Segundo ele, o valor médio do metro quadrado dessas propriedades gira em torno de R$ 45 mil, podendo ser ainda mais caro em determinados casos. No site da corretora, há oportunidades como um “chatêau” de quatro suítes e acabamentos importados de um palácio russo por R$ 64,5 milhões.
A localização é privilegiadíssima. O dueto de bairros está cercado de opções de mobilidade, shopping centers com marcas de luxo (Iguatemi e CJ Shops), hotéis cinco estrelas e o melhor da gastronomia paulistana.

Pulmão verde

Outro fator de valorização dos jardins América e Europa é a grande massa arbórea que recobre os bairros. Um estudo realizado pelo Instituto de Pesquisas Tecnológicas (IPT) indicou que o perímetro contém cerca de oito mil árvores apenas nas áreas públicas. Somado à vegetação dos espaços privados, esse pulmão verde fica ainda mais poderoso.
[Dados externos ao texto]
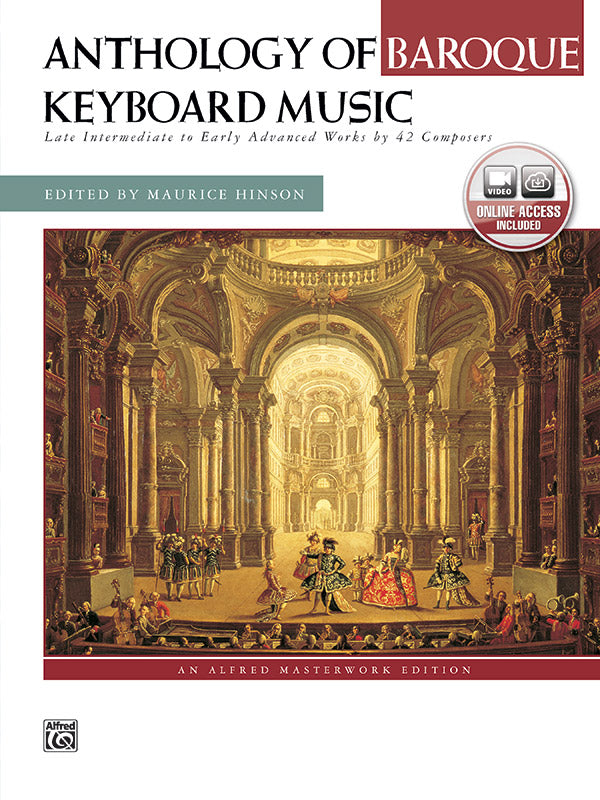 Anthology of Baroque Keyboard Music with Performance Practices in Baroque Keyboard Music Cover Image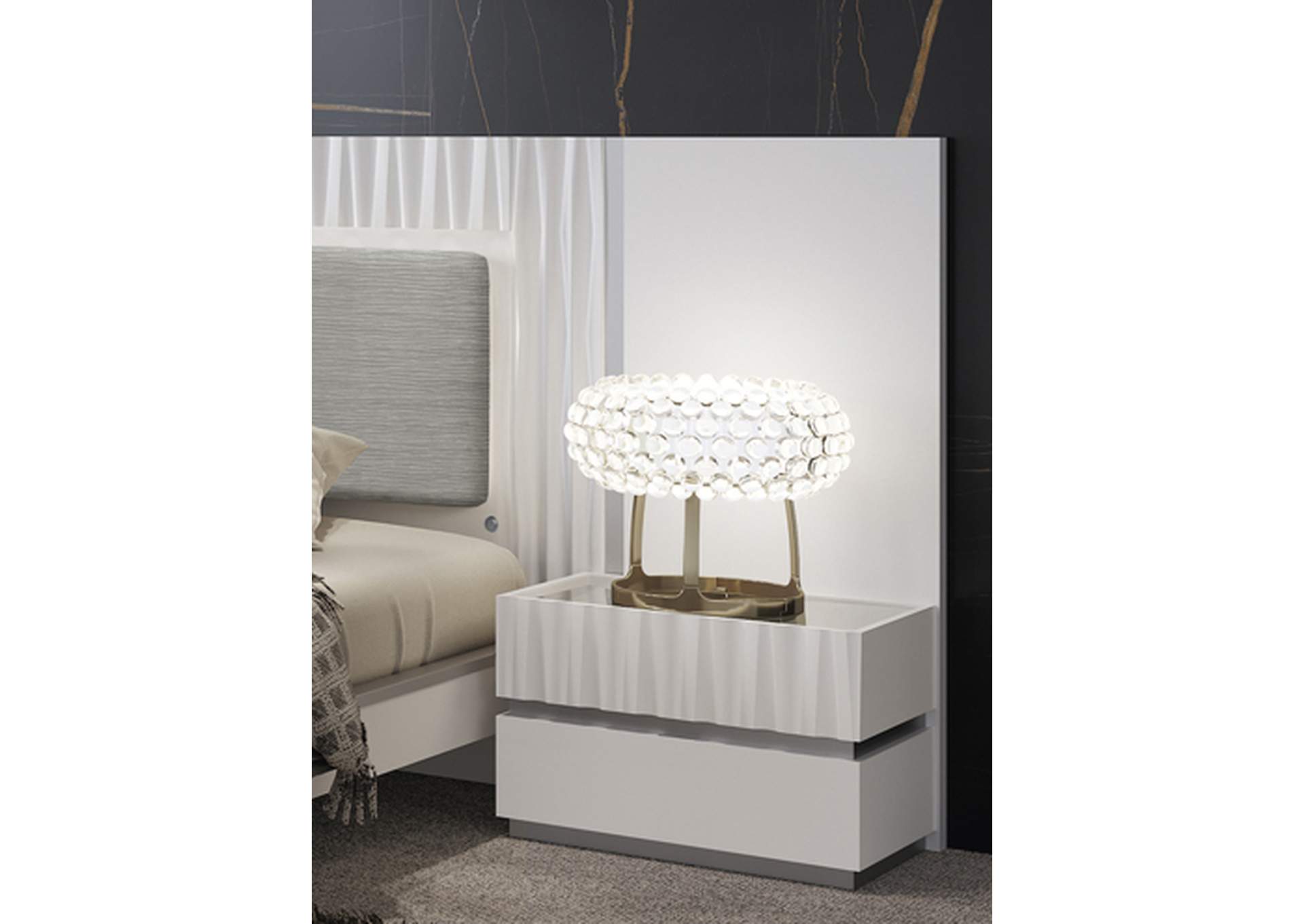 Marina Nightstand White SET image 3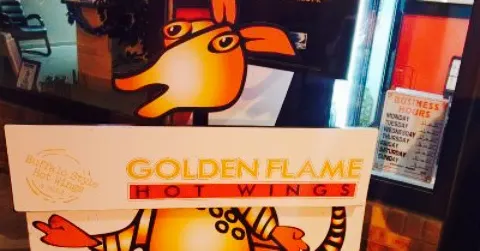 Golden Flame Hot Wings in ออโรรา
“O relatório do IPT apontou que, graças ao verde, a temperatura na região é mais amena, chegando a uma diferença de cinco graus em relação à de bairros do seu entorno”, explica Fernando de Sampaio de Barros, presidente da AME Jardins, associação fundada em 2007 e que atua na preservação dos bairros e na luta por melhorias em diversas frentes.

Isso se deve ao tombamento ainda vigente, que exige 30% de solo permeável (área ajardinada) no Europa e 40% no América, característica que ajuda a amenizar o impacto das chuvas na cidade. A vista verde também atrai lançamentos imobiliários nas bordas dos bairros, onde a verticalização é permitida.
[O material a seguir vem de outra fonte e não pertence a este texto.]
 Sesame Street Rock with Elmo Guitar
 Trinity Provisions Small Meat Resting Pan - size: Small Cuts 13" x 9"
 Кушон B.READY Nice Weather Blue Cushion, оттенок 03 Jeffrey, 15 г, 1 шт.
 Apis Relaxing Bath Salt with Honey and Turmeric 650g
É o caso do residencial Gabriel 130, na Alameda Gabriel Monteiro da Silva, nos limites do Jardim América. Idealizado pela JNA Arquitetos, tem 50 apartamentos, todos voltados para os jardins. “A vista foi fundamental na escolha do terreno. É um diferencial que meus concorrentes não têm”, afirma Guilherme Rossi, CEO da GR Properties, responsável pelo prédio.

Polêmica

No fim do ano passado (16 de dezembro), o próprio Condephaat aprovou mudanças no tombamento da região, permitindo desmembrar os lotes para receber condomínios de casas ou pequenos prédios e um novo perfil de uso, permitindo a abertura de empresas e comércio. Em 19 de dezembro, a Justiça de São Paulo suspendeu a revisão nas regras em virtude de uma liminar.

“É um cenário de pânico. A resolução permite que terrenos antes ocupados por dez pessoas de uma família passem a receber mais de cem funcionários de empresas, por exemplo. A infraestrutura do bairro é antiga e não suportaria esse aumento de demanda”, diz Barros.

Segundo ele, foi usada uma premissa falsa para embasar a revisão: a de que a região estaria tomada de casas vazias e terrenos abandonados. “Essa é a realidade de apenas 2% dos imóveis em razão de pendências judiciais de seus donos, o que inviabiliza a venda”, explica.